Exercise directions:
An exact reprint of the data below is required, line for line.

Dataset extract:
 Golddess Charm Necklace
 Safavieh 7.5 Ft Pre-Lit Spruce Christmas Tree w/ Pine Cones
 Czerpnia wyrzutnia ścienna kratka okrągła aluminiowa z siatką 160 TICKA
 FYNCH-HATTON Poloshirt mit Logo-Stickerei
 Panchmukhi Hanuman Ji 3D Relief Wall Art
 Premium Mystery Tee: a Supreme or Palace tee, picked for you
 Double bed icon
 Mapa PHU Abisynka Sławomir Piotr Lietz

Result:
 Golddess Charm Necklace
 Safavieh 7.5 Ft Pre-Lit Spruce Christmas Tree w/ Pine Cones
 Czerpnia wyrzutnia ścienna kratka okrągła aluminiowa z siatką 160 TICKA
 FYNCH-HATTON Poloshirt mit Logo-Stickerei
 Panchmukhi Hanuman Ji 3D Relief Wall Art
 Premium Mystery Tee: a Supreme or Palace tee, picked for you
 Double bed icon
 Mapa PHU Abisynka Sławomir Piotr Lietz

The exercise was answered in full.